I have frequently been visiting Nepal and in every visit I would plan going to Muktinath knowing fully well how treacherous the route is. Finally, in this visit I have been able to do it.
An unforgettable trip for me, maybe because of the fact that I might never go there again in my life time.
Muktinath (मुक्तिनाथ) Mukti- salvation, nath- god or Muktichetra (मुक्तिक्षेत्र ) Mukti- salvation, chetra- area to Hindus and Chhumi Gyarchha (छुमि ग्यार्छ) meaning 108 waters.
It is situated at an altitude of 3,750 meters, half of Mount Everest (8,848m) at the base of Throng La (pass) in the Mustang region of western Nepal. It is sacred to both Hindus and Buddhists.
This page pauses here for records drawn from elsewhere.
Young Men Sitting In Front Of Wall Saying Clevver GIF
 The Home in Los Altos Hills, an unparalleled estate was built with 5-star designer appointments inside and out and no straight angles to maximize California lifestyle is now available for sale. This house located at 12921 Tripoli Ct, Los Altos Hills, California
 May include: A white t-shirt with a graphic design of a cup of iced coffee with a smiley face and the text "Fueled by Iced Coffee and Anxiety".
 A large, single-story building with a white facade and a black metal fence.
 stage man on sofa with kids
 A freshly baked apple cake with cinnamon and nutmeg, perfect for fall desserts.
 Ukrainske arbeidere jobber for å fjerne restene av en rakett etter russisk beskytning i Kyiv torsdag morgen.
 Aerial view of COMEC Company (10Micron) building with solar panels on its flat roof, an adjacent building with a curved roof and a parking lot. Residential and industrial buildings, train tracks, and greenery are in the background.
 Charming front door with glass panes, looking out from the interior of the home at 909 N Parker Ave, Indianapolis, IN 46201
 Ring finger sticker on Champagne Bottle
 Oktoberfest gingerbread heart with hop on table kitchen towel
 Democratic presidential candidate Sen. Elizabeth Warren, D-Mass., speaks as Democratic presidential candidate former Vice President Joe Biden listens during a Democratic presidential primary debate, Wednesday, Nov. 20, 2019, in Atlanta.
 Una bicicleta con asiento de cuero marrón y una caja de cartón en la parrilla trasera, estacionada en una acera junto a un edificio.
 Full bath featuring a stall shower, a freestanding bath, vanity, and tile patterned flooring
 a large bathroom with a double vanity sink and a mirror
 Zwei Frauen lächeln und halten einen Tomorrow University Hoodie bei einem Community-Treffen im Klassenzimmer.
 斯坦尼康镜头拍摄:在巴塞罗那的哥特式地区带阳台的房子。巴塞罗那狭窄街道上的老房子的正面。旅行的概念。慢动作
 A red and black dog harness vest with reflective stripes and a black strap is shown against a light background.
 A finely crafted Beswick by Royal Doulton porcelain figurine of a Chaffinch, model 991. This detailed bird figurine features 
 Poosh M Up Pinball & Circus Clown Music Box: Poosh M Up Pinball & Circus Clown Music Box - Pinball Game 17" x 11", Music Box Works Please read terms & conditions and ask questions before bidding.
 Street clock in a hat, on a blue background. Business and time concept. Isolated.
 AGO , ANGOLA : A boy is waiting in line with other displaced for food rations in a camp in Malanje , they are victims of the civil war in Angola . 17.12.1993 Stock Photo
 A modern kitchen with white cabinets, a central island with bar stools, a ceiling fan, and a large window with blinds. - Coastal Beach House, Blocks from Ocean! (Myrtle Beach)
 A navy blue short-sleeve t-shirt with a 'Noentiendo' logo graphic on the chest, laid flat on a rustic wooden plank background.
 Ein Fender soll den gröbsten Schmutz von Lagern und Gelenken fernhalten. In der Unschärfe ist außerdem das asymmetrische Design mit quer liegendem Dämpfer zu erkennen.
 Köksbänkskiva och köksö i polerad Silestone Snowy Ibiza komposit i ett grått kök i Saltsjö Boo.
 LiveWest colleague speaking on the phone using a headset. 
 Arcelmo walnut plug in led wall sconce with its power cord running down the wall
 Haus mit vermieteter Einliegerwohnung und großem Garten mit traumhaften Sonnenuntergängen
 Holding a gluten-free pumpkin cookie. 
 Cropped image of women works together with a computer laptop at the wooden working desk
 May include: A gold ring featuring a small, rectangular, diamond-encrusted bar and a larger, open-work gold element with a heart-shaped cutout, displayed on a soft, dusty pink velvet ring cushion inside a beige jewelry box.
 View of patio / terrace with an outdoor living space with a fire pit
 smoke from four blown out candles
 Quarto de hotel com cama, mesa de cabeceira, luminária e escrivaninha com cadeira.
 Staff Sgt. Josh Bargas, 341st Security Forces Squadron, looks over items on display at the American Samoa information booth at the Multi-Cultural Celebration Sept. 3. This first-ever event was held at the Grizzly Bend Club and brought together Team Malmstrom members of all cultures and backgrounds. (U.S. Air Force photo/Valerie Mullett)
Only 20 kms north-east of Jomsom, this region opened for tourism in 1992. The pagoda styled temple is said to be 2000 years old.
Considered holy by Hindus who worship Vishnu as Mukti Narayan or the Narayan or Vishnu of salvation and by Buddhists as Avalokiteshwar. Among the Hindus, it is said that one should visit this place after paying obescience at the Chaardhaam (चारधाम) or 4 holy places: Kedarnath, Badrinath, Rameshwaram and Dwarka.
I wanted to go all the way by road but was told that it was not a good idea at all as there were many bus changes involved and also given the constraint of time, which I always have. The program satisfied me as it enabled me to see the countryside while saving time.
We planned on flying all the way to Jomsom (Dzong-Sampa or Dzong-Sam in Tibetan) and then proceed to Muktinath by road.
I shall write a separate post on my trip from Pokhara to Jomsom. In this one, I shall just focus on writing about the Muktinath trip.
Since, the region comes under Annapurna Conservtion Area, a permit needs to be obtained before you venture on this journey.
Our journey began from Jomsom where we were staying. Since, there is no bridge over Kali Gandaki river (one is being constructed) you need to cross using the woodden pedestrian bridge and take transport from the other side to Muktinath.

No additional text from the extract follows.